Senti uma tristeza infinita ouvindo aquilo, vendo-o chorar um pouco enquanto contava. Havia sim muita dor no mundo, muita maldade e incompreensao e talvez historias como a dele, como a minha, fossem apenas uma pequena parte duma grande chaga sangrenta que era a imperfeiçao da raça humana, da obra ainda em lapidaçao que era o ser humano, maravilhoso e maldito ao mesmo tempo.
Sentimos sono e estendi sobre o rapaz um cobertor, deixando-o no sofa-cama enquanto fui para o quarto.
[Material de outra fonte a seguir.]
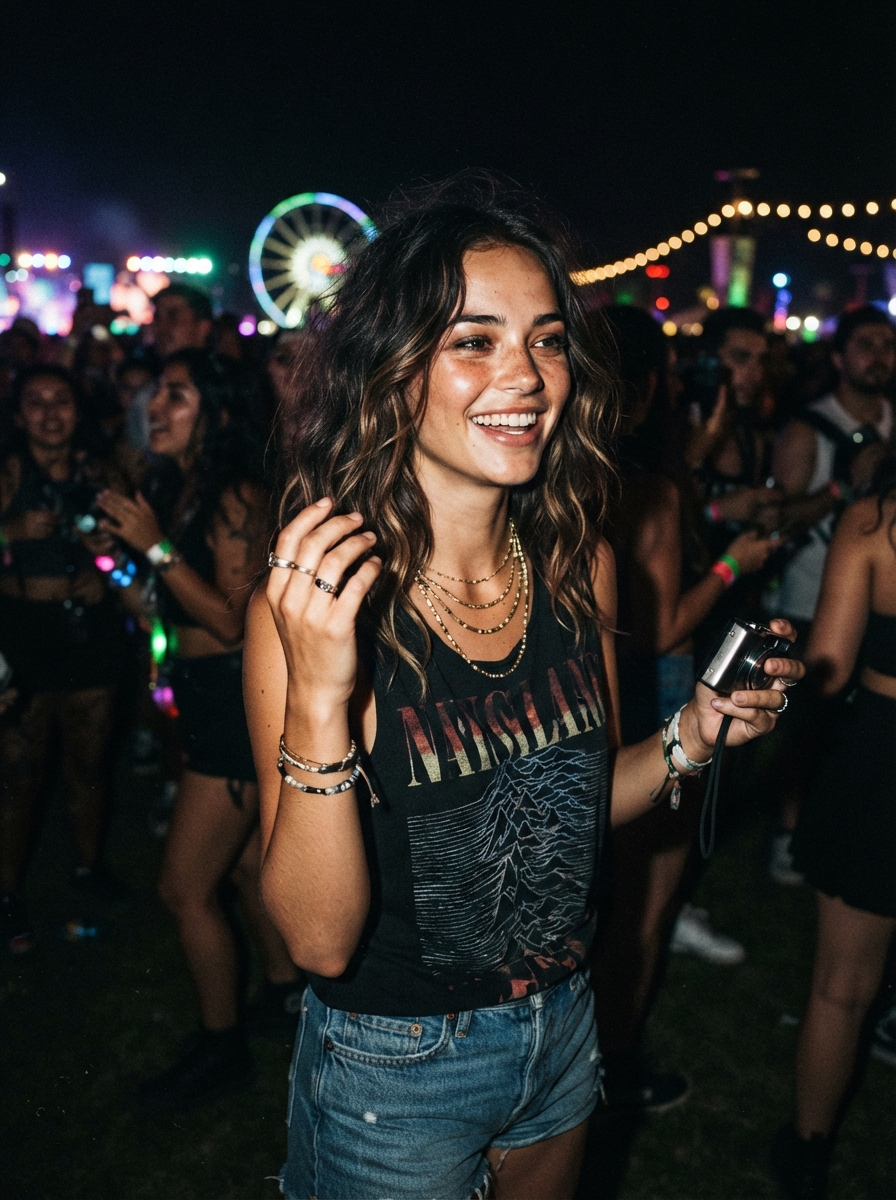 Coachella direct flash AI photo shoot idea created with imageat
Dormi mal de novo, rolando na cama, sentindo falta de Fernando e de nossa alegria. Chorei um pouco de madrugada, pensando nele.
De manha fiz outro cafe e o rapaz, apos bebe-lo, se despediu de mim com um abraço, me fazendo lembrar que ainda nao sabia o nome dele.
- Lucas -respondeu com um sorriso.
Observei-o sair, mergulhando na neblina gelada e leitosa da manha. No final, achei que o estranho Cafe Mocambo me reservara um amigo, um confidente e companheiro de tristezas, alguem que talvez tenha passado por dores piores do que as minhas, porque o mundo nao nos perdoava sermos o que somos.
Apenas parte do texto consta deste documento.